• _Data provided_:
+ + +

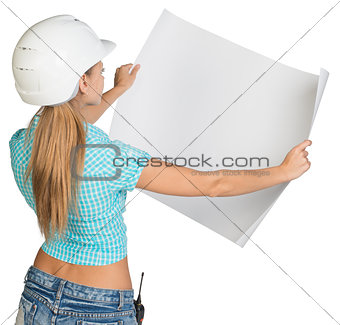 Beautiful woman builder holding in front of him large paper sheet. Rear view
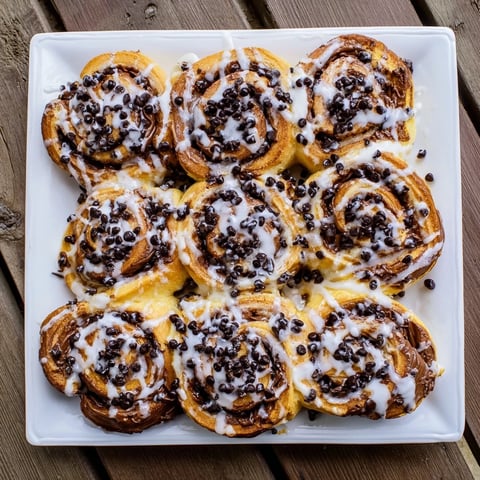 Freshly baked Nutella chocolate chip rolls with gooey melted chocolate filling on a rustic wooden board.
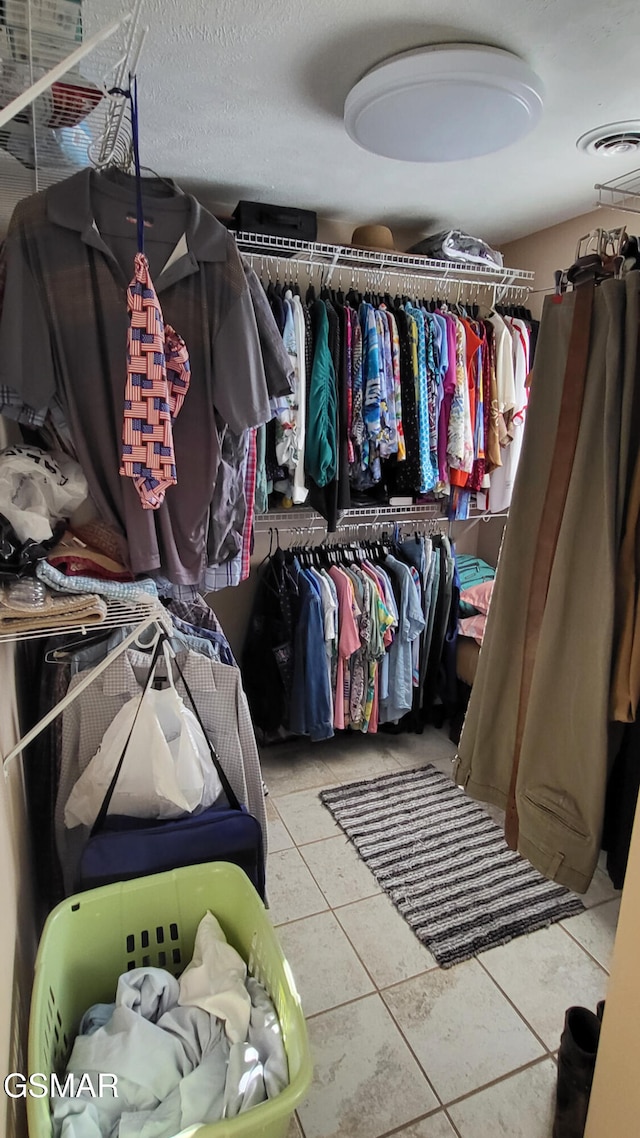 walk in closet featuring light tile patterned floors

+ + +

• _Exercise_: Each line of the listing above should be retyped exactly, with no pictures.

• _Solution for this problem_:
 Beautiful woman builder holding in front of him large paper sheet. Rear view
 Freshly baked Nutella chocolate chip rolls with gooey melted chocolate filling on a rustic wooden board.
 walk in closet featuring light tile patterned floors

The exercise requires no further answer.